There are some limitations to the present study. First, the number of subjects in our study was limited to that of the primary PET study, which resulted in a relatively small sample size. This might specifically have affected the analysis on S100B levels as measurements of samples from five subjects provided values below a reliably detectable level. To limit the effect on power, the data was also analyzed using a linear mixed model with time and treatment group as fixed effects and subject as random effect. However, this did not alter our conclusions. Secondly, the time frame of measurement after intervention might increase heterogeneity of the samples while the number of measurement occasions was limited to two time points.

Conclusion

Taken together, our findings add up to results from previous studies which did not show a critical role for increased plasma mBDNF for the sustained antidepressant effect of ketamine in MDD patients. Early changes of plasma mBDNF levels might predict the likelihood of the sustained antidepressant response to ketamine treatment, however, this should be further studied. No significant effect of ketamine administration on S100B levels and no association with treatment response was seen.

Data Availability Statement

The individual data underlying the results presented in this article are not readily available due to EU legislation and the available ethical permit for this study. This study was part of a larger study, in which participants did not provide informed consent on data sharing. Requests for information on other aspects of the study, such as analysis protocols, can be directed to the corresponding author.

Ethics Statement

The studies involving human participants were reviewed and approved by the Regional Ethical Review Board in Stockholm.

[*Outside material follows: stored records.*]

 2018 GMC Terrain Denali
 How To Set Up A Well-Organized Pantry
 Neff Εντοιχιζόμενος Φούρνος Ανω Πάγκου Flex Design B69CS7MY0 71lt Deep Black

The patients/participants provided their written informed consent to participate in this study.

Author Contributions

HJ and EV planned and performed the experimental work and analyses. HJ wrote the first draft of the manuscript and EV performed the secondary writing and editing. PS and JL managed study design. MT and C-JE were responsible for recruitment and examination of the patients. All authors contributed to and have approved the final manuscript.

Conflict of Interest

The authors declare that the research was conducted in the absence of any commercial or financial relationships that could be construed as a potential conflict of interest.